If you’re a moviegoer, don’t miss Spotlight,
which opened earlier this month. It tells the story of the Boston Globe investigative team that broke the story about sexual
abuse of children by priests. For Bostonian’s it’s a must-see. But it’s such a
well-acted, well-directed film that even those with no interest in Boston or
priestly behavior should find it engaging.
Sexual abuse of children is and should be a crime, whoever
perpetrates it. But the story of priests who betray their calling sheds light
on the most-read topic on this blog: doctor-patient
sex. The further back in time we go, the more overlap we see between
medicine and religion. Jesus, Muhammad and Buddha all healed sickness as well
as sin. In every religion priesthood is a calling. The priest is literally
called by God. I think of health care as a secular calling to which
practitioners may be “called” by fidelity to our common humanity.
Spotlight shows
how, priests, like physicians (especially psychiatrists), are the object of
transference, that can endow them with enormous power in the eyes of their congregants/patients.
When that transferential power is combined with recurrent private contact –
whether in the church or the consulting room – we have the potential for great
benefit or great betrayal. For too-many priests, the combination of sexual
temptation in the presence of parishioners who idealized them was a devil’s brew.
For Catholic priests, celibacy adds an additional risk
factor. Dylan Thomas nailed the challenge the young priest must contend with:
The force that through the green fuse drives the flower
Drives my green age: that blasts the roots of trees
Is my destroyer.
And I am dumb to tell the crooked rose
My youth is bent by the same wintry fever.
Spotlight
dramatizes that while individual priests sinned, the system of the church
protected them and neglected their victims by moving the offending priests from parish to
parish. It required a diligent and courageous reportorial team to blow past the
cover-up. Psychiatrists who betrayed their profession and exploited patients
were not protected to the same extent, but it required the brave feminists who outed the offending physicians to
stem the psychiatric abuse that was more prevalent in the 1960s and 1970s.
In an especially powerful moment, Spotlight shows a reporter speaking with Father Ronald Paquin. In a
strangely dissociated manner, Father Paquin acknowledges that he “played around”

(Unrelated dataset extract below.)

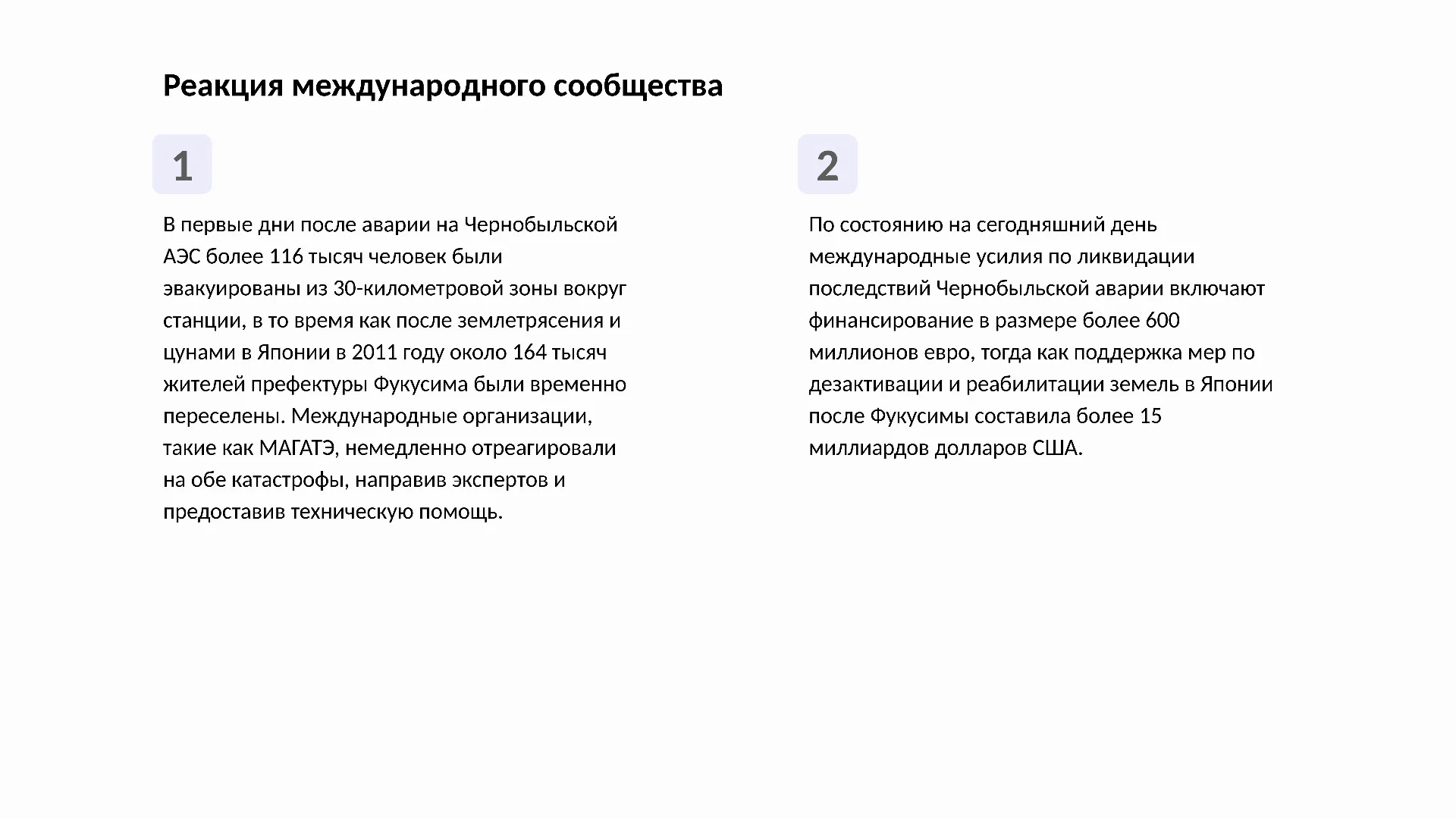 Реакция международного сообщества - слайд для презентации на тему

with children, but never “raped” them and did not “gratify” himself, as if
these claims exonerated him. Self-delusion is a powerful human capacity, and
perpetrators frequently find ways to “justify” their actions. Last
month Father Paquin, now 72, was released from prison. (For an earlier
story, see here.)
It’s comforting to the rest of us to dismiss offending
priests and physicians as bad apples. But that excuses us from our own
responsibilities for governing the professions of priesthood and medicine. When
the bystanders wanted to stone the woman taken in adultery, Jesus rebuked them:
“He that is without sin among you, let him cast a stone at her.” Believers and atheists
should agree that this was a true teaching.